Nato e cresciuto a stretto contatto con i missionari italiani a Sertanópolis, nel Sud del Brasile, Eder credeva che tutti i preti fossero missionari. Dopo una prima esperienza in seminario, decide di lasciarlo e comincia una vita come quella di tutti i diciannovenni: università, lavoro, un gruppo musicale. Ma dopo dieci anni la vocazione è tornata a farsi sentire, stavolta per sempre. Dopo l’anno di studio del francese, Eder andrà sul campo, in Costa d’Avorio.
Lo stesso accadrà a Dominic, destinato però al Giappone.

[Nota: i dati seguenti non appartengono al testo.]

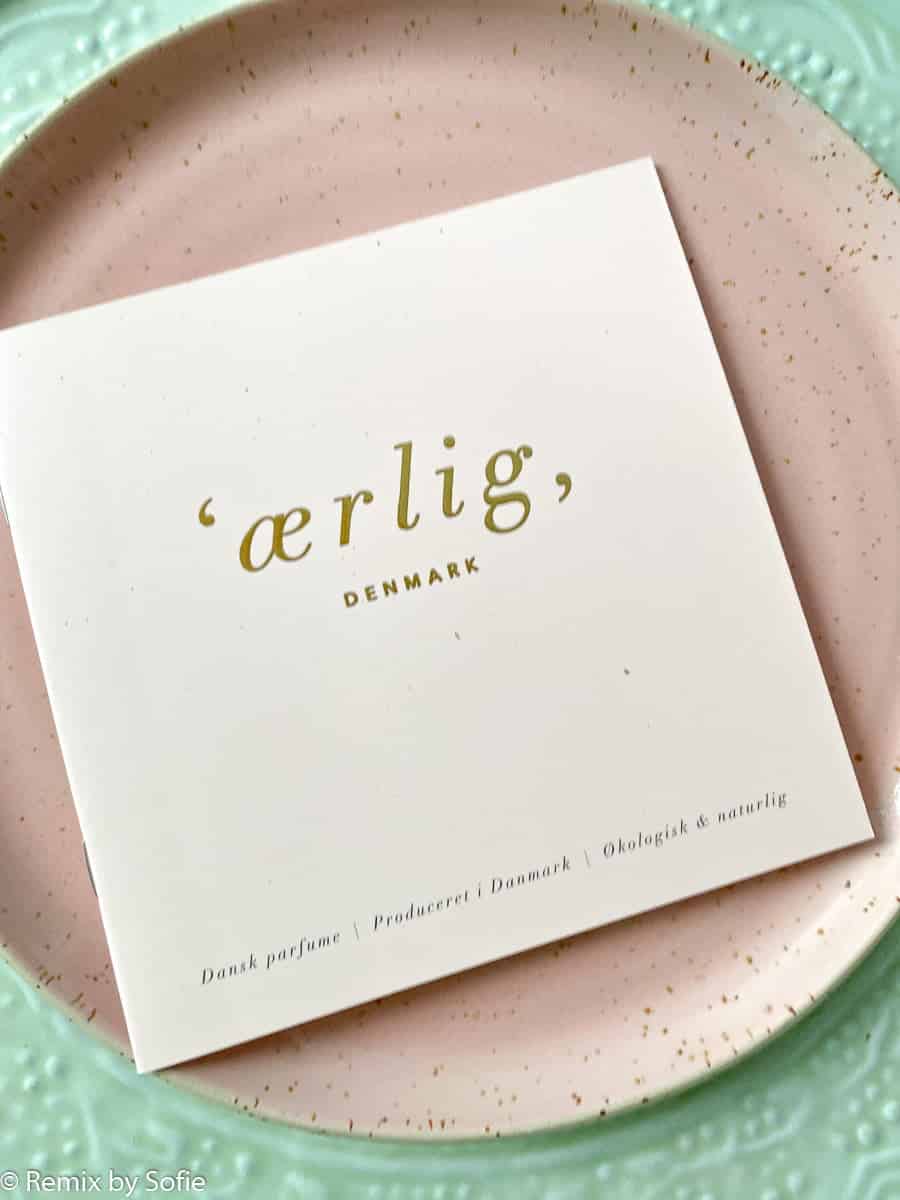 ehrliches Parfüm p1 p2 p3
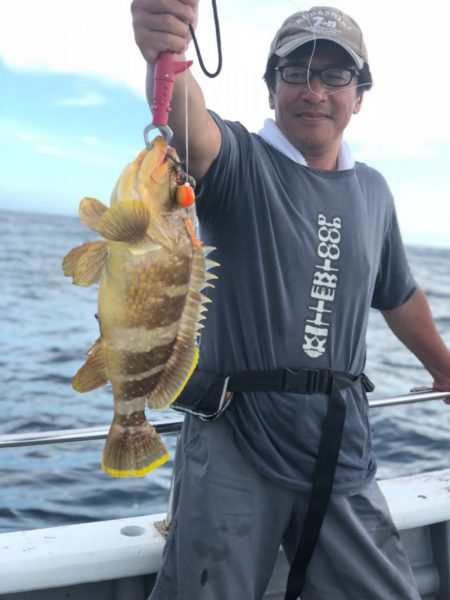 ＴＡＲＯＭＡＲＵ 釣果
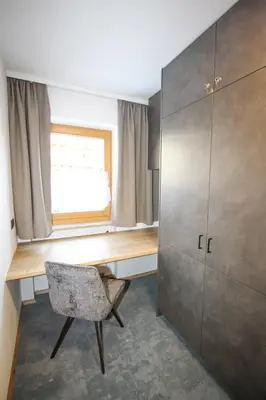Grundriss der Unterkunft Ferienwohnung Königsleiten 77 - Top 6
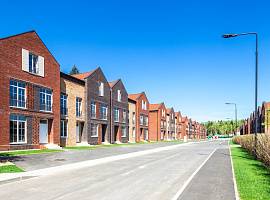 Коттеджный посёлок «Парк Апрель»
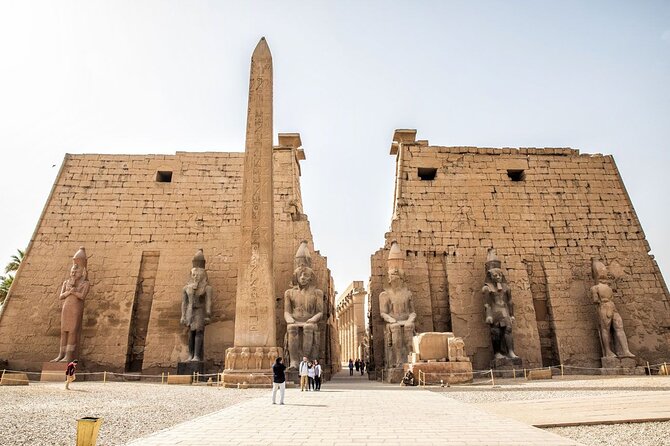 Private Tour foll day to East and West Banks of Luxor - What the $40 price really gives you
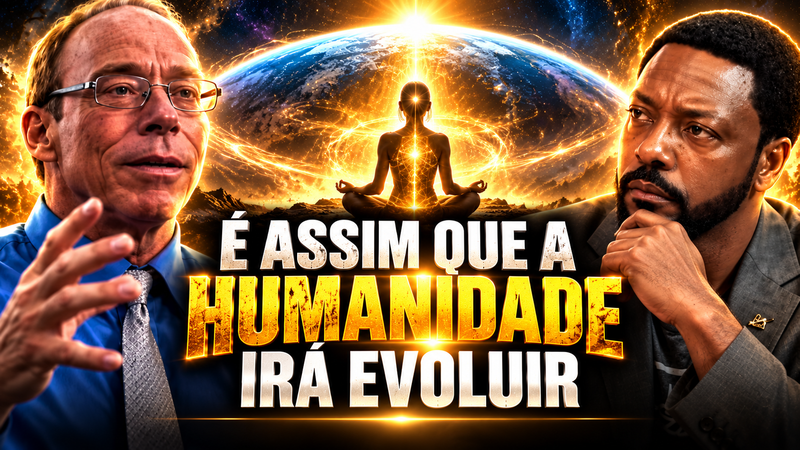 Contatos Imediatos do Quinto Grau com o Dr. Steven Greer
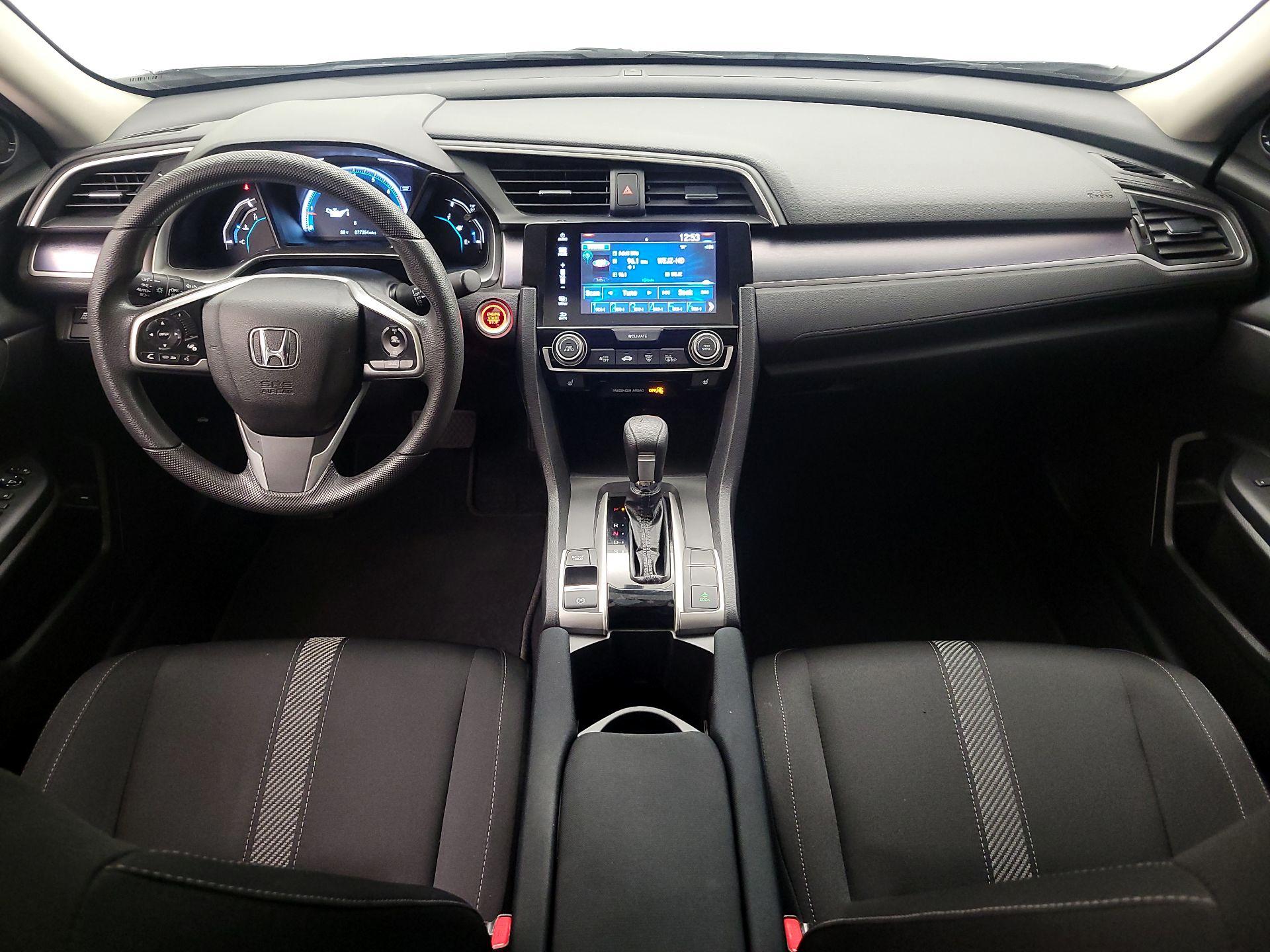 Thumbnail: 2017 Honda Civic - 9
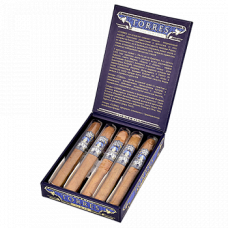 Подарочный набор сигар Torres Corona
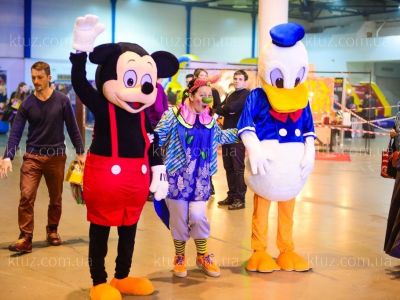 Детские аниматоры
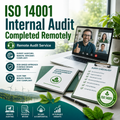 ISO 14001 Internal Audit Completed Remotely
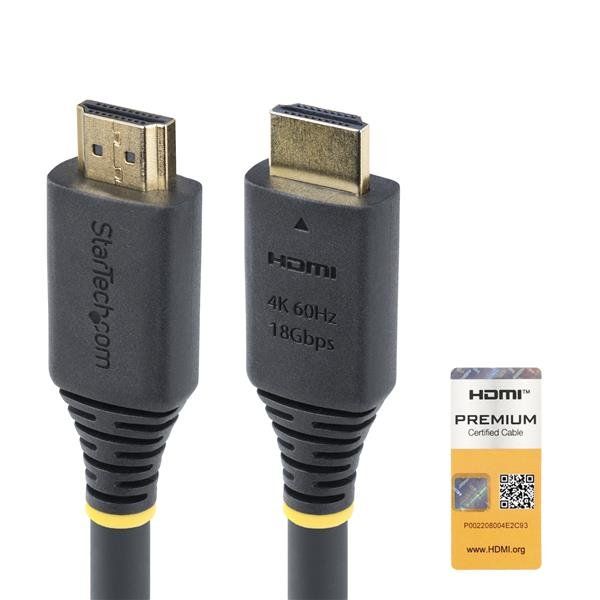 STARTECH CAVO HDMI ATTIVO DA 15M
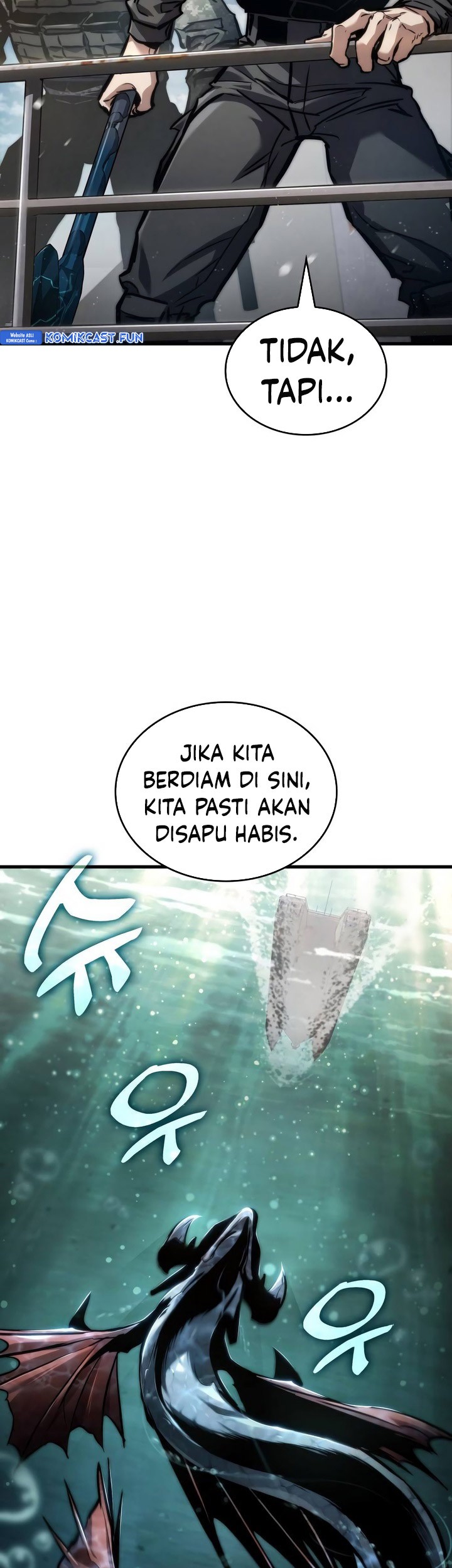 Kill The Dragon Bab 133 halaman 20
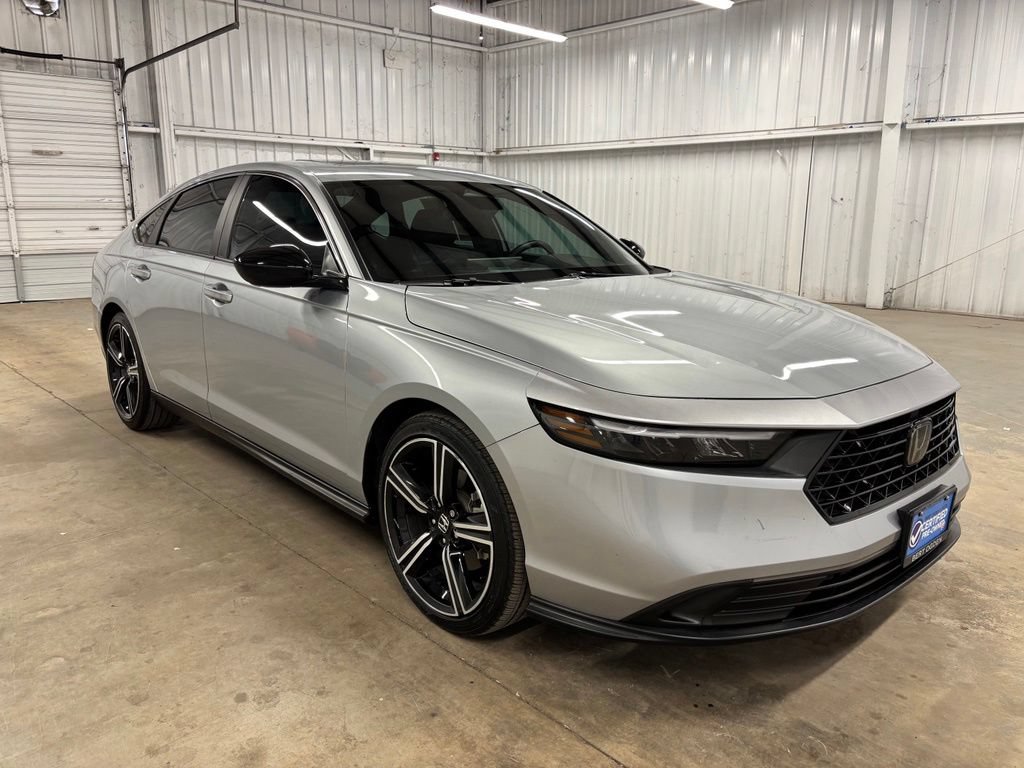 Used 2024 Honda Accord Sport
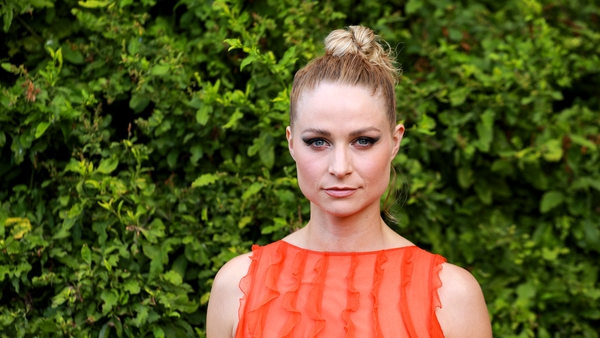 Niamh Algar talks to RTÉ Arena about Deceit and Censor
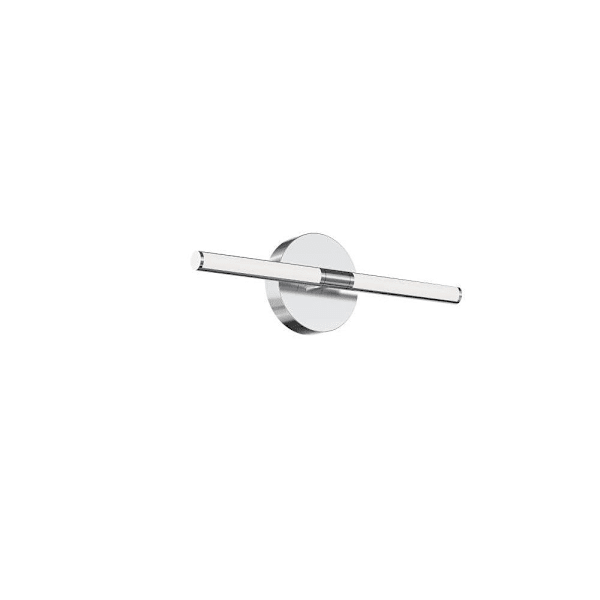Afx Chicago 17" LED Vanity Polished Chrome 120-277v 27/30/35/40/50k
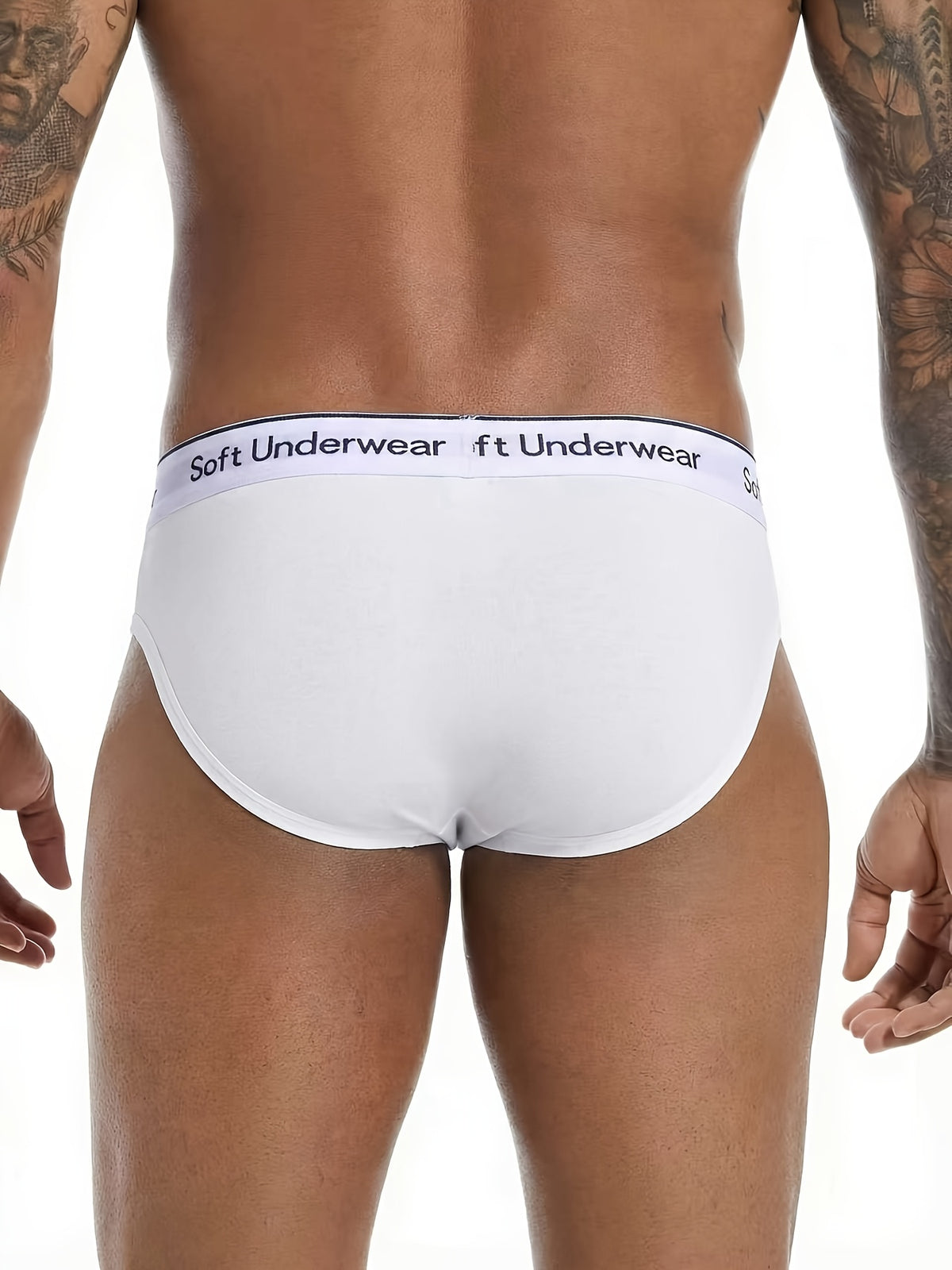 Slip de sport microfibre homme — lot de 5, 2 coloris, du S au XXL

Originario di Khulna, in Bangladesh, ha conosciuto il Pime in parrocchia. «Mentre studiavo a Dhaka mi tenevo in contatto con padre Franco Cagnasso, che alla fine mi ha proposto un’esperienza comunitaria in parrocchia», racconta. «Durante le vacanze andavo nel Nord del Paese per vedere come lavora il Pime e alla fine ho deciso di entrare nell’Istituto». Anche per lui gli anni di studio non sono finiti: ce ne vorranno almeno due per imparare il giapponese a Tokyo, ma potrà iniziare già a fare il missionario.
Non è così per Jean-Jacques, ivoriano, destinato a essere il vicerettore del Seminario di Yaoundé in Camerun. Ha conosciuto il Pime da bambino: «Il modo di fare dei missionari era molto diverso da quello degli altri sacerdoti, perciò quando ho iniziato il mio percorso di discernimento ho chiesto di incontrare di nuovo il Pime», racconta. «Ho continuato a guardarlo da vicino mentre studiavo, ho fatto anche un’esperienza pastorale nel Nord del Paese. Alla fine ho scelto di continuare gli studi al Seminario dell’Istituto di Yaoundé, dove tornerò da vicerettore. Sinceramente, speravo di andare sul campo, ma accolgo questo servizio con tanto senso di responsabilità, perché so quanto è importante. La formazione per diventare missionari è difficile, soprattutto quando devi studiare in una lingua che non è la tua. Il supporto di chi ci ha accompagnato e guidato è stato fondamentale e vorrei davvero ringraziare tutti, dai professori che ci hanno sostenuto a chi ha pregato per noi da lontano».